По своей повествовательной структуре первая часть КИ значительно отличается от второй. Если в последних 50-ти главах описана длительная, но протекающая в один локальный отрезок времени осада Казани, то в первой части события развиваются на протяжении большого исторического периода — со времени нашествия на Русь хана Батыя до середины XVI в. Этот значительный исторический и легендарный материал делает движение событий в первой части КИ не сразу заметным, затрудняя выявление сюжетной организации повествования. Однако целенаправленный анализ текста позволяет и в этой части КИ обнаружить некий сюжетный алгоритм, имеющий сходство с принципом выстраивания событий во второй части КИ. Как было ранее установлено [Волкова, 1985, 1989: 61-64], главные сюжетные линии в ней, описывающие военные события осады и взятия Казани и моменты «мира», когда царь ведет переговоры с осажденными казанцами, подчинены задаче оправдания Ивана Грозного за пролитую в Казани русскую и татарскую кровь (что было актуально во время написания КИ, когда начались первые репрессии Ивана Грозного и казни его недавних приближенных).

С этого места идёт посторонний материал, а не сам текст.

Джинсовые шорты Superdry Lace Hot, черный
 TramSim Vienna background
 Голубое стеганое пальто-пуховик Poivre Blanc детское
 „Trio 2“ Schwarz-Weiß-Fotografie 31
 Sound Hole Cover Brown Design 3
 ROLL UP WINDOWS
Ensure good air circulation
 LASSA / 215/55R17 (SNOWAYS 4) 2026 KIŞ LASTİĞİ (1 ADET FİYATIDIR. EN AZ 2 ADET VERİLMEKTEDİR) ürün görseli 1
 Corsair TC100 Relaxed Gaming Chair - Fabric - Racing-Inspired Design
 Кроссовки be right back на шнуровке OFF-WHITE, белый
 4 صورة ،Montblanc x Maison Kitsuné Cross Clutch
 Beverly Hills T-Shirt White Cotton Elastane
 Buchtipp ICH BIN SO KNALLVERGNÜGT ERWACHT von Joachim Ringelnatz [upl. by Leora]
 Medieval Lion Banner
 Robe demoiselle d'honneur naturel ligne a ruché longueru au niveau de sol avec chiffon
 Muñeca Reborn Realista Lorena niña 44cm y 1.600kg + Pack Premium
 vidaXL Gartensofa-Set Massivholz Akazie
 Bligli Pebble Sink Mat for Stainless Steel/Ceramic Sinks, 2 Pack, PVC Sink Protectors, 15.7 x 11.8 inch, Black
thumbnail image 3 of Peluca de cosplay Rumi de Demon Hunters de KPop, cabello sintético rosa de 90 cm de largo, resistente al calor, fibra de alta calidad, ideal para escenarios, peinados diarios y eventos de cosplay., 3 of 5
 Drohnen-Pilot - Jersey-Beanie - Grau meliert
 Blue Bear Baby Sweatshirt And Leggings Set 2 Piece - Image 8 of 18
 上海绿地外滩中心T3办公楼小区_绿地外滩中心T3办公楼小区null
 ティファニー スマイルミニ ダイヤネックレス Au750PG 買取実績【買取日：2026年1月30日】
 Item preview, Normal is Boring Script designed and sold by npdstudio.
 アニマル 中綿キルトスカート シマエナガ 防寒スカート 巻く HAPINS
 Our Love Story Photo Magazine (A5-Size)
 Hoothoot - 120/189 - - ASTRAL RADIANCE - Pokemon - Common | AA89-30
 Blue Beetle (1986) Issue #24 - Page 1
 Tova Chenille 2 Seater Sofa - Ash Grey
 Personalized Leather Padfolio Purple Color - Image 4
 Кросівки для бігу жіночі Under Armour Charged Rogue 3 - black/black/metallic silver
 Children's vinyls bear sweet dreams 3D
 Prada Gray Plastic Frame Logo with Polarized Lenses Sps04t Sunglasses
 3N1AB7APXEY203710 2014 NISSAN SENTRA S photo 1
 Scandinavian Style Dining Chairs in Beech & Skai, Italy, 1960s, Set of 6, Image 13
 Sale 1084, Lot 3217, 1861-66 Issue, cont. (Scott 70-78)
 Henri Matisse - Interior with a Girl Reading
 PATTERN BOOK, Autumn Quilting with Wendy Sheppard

Поэтому в повествовании о взятии Казани последовательно чередуются эпизоды мирных переговоров русских с казанцами с эпизодами военных действий. При этом царь выступает инициатором мирного разрешения осады, а казанцы —
нежелающими принять предложения Ивана Грозного и призывающими его действовать: «Твори, почто пришел!». Только после получения очередного «жестокого» ответа казанцев на его мирные предложения, подтверждающего их непримиримую позицию, царь отдает приказ о новом штурме Казани.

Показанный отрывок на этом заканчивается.